### What is expected:
Could you copy exactly the lines below, beginning at the line with "乐小说阅读器app2023最新版截图(2)" and stopping after the line with "Mahou Shoujo 201 - Chapter 31.5 - Page 1", with no pictures?

### Exercise inputs:
== Segment start ==

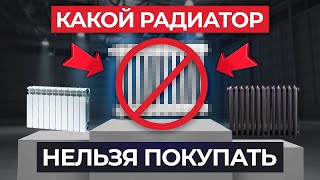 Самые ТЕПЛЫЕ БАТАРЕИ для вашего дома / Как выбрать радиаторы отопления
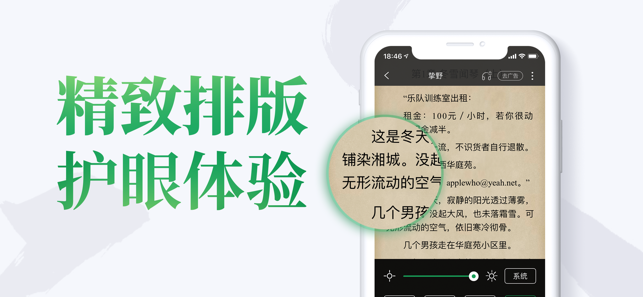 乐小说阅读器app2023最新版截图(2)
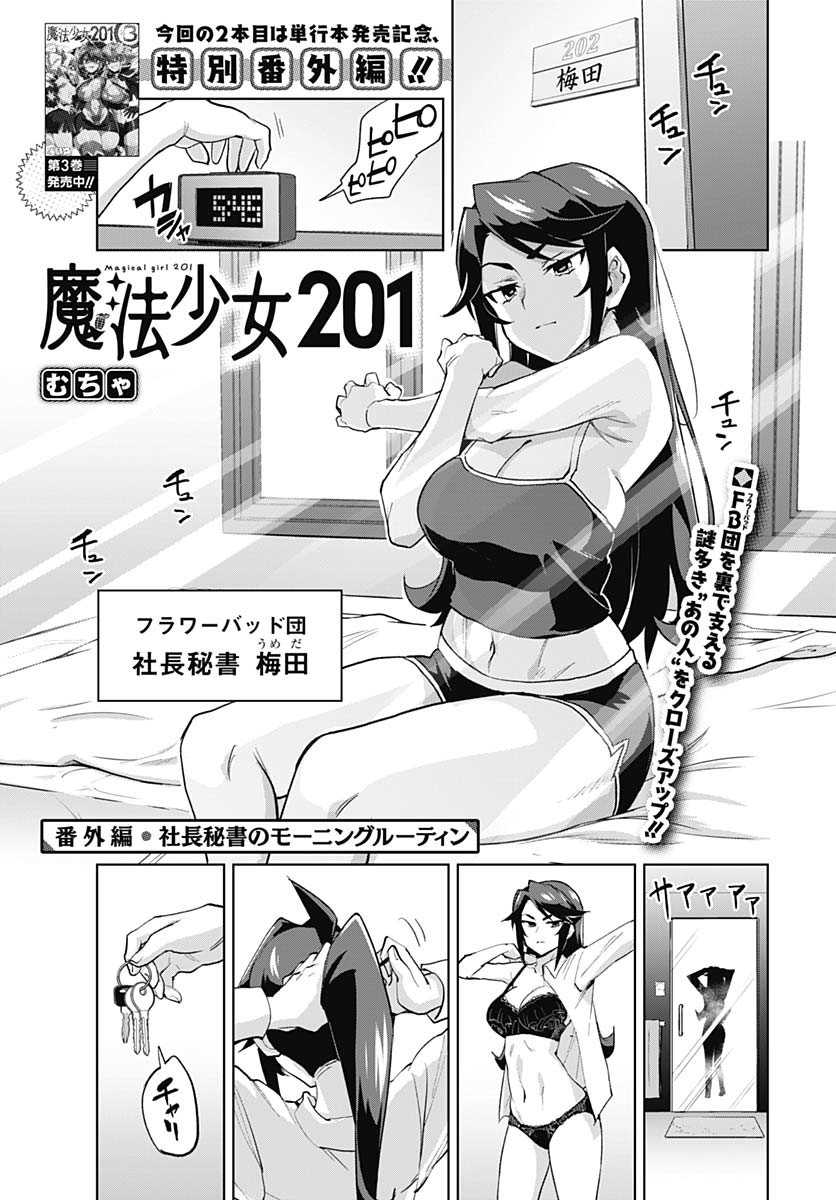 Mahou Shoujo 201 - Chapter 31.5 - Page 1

== Segment end ==
== Segment start ==

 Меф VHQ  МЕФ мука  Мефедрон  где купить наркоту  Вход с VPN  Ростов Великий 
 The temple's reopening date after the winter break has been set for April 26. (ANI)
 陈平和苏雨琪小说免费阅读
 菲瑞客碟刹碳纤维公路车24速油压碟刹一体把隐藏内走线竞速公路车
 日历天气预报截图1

== Segment end ==
== Segment start ==

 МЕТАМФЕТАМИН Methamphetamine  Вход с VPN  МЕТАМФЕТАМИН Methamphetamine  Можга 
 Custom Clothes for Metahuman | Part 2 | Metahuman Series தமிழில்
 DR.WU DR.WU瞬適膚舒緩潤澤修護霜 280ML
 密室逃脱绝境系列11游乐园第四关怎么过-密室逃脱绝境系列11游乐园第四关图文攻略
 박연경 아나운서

== Segment end ==

### Expected answer:
 乐小说阅读器app2023最新版截图(2)
 Mahou Shoujo 201 - Chapter 31.5 - Page 1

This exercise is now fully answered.